LAB dominated all six sourdough samples with unpleasant odours. This bacterial group ranged from 67.89 (in sample 2BL) to 92.17% (in sample 3HM) of the OTUs identified. On average, bakery-level sourdoughs hosted LAB at a lower percentage (80.11%) than that revealed for home-made sourdoughs (86.67%). However, the LAB species composition was quite different among samples. Lactobacillus constituted barely 2.16% of total bacterial diversity of sample 2BL, but this genus accounted for 72.60% in sample 2HM, and was present in all sourdoughs analysed. Lactobacillus represents the main genus in Type I sourdoughs [22]. Thus, the results registered for the sample 2BL are particularly low. Some lactobacilli were even identified at the species level: Levilactobacillus brevis was identified from all six sourdoughs, and represented almost the half of total bacterial diversity (49.70%) in sample 1HM, and even more than half (62.09%) in sample 1BL; Companilactobacillus paralimentarius (3.47–35.38%) was detected in four samples, including all three bakery level sourdoughs; Lacticaseibacillus zeae was only hosted in sample 1HM at a very low relative abundance (0.81%). Lactobacilli are the typical LAB associated with sourdoughs [39] with Lvb. brevis (formerly Lactobacillus brevis) and C. paralimentarius (formerly Lactobacillus paralimentarius), as the main species representative of the obligate heterofermentative and facultative heterofermentative groups, respectively, identified from Italian Type I sourdoughs [40,41,42]. Lcb. zeae (formerly Lactobacillus zeae) is less common in sourdough, but easily revealed when culture-independent methods are applied to this matrix [43]. The LAB community of both the bakery-level and home-made sourdoughs was also composed of Leuconostoc, Pediococcus, and Weissella. Even though these genera mainly originate from raw materials, and both durum semolina and tender flour are used for bread-making in south Italy [44,45], they showed very interesting properties during sourdough propagation [46], and are able to perform industrial fermentations, in particular Leuconostoc and Weissella species [47,48]. However, these three genera were found in a few samples, and, basically, at low relative abundance, but it is worth noting that Weissella represented 32.55 and 53.63% of the total bacterial community of the samples 3HM and 2BL, respectively, highlighting the important role of Weissellas in sourdough fermentation.
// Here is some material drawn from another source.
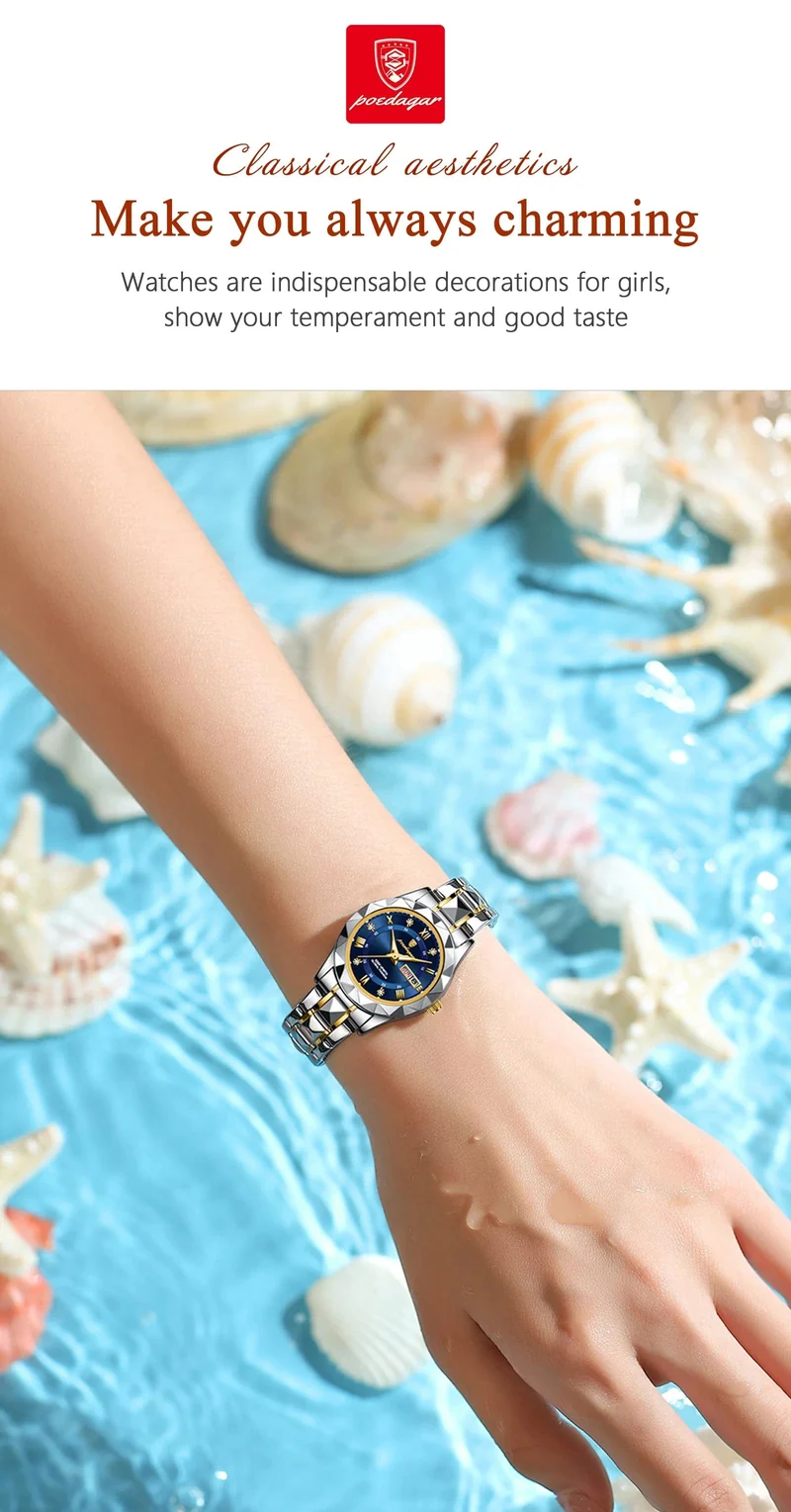 POEDAGAR Luxus Damen Kleid Uhr Leuchtende Wasserdichte Woche Datum Frau Armbanduhr Edelstahl Frauen Quarz Uhren reloj + box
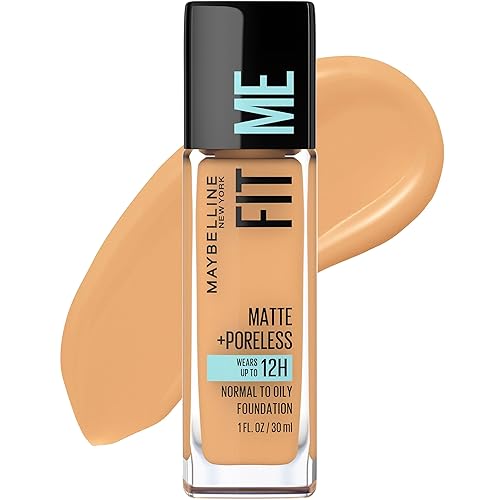 Maybelline New York Fit Me Matte Plus Poreless Foundation, Golden, 1 Fluid Ounce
Regarding non-LAB OTUs, Rickettsiales were found in all samples (3.97–28.44%). Generally, their presence is imputable to environmental contaminations [49]; as, being associated to vertebrate and invertebrate hosts [50], they might be hosted in unprocessed raw materials used to propagate sourdoughs. Acetobacter (6.43%) were only detected in sample 2HM. However, the presence of Acetobacter spp. among sourdough microbial communities has been reported by several authors [51,52,53]. A very low relative abundance (0.14%) was attributed to the genus Erwinia in sample 3BL. Also, the presence of this genus might be imputable to raw materials, since Erwinia species are reported as growth promoters for wheat [54].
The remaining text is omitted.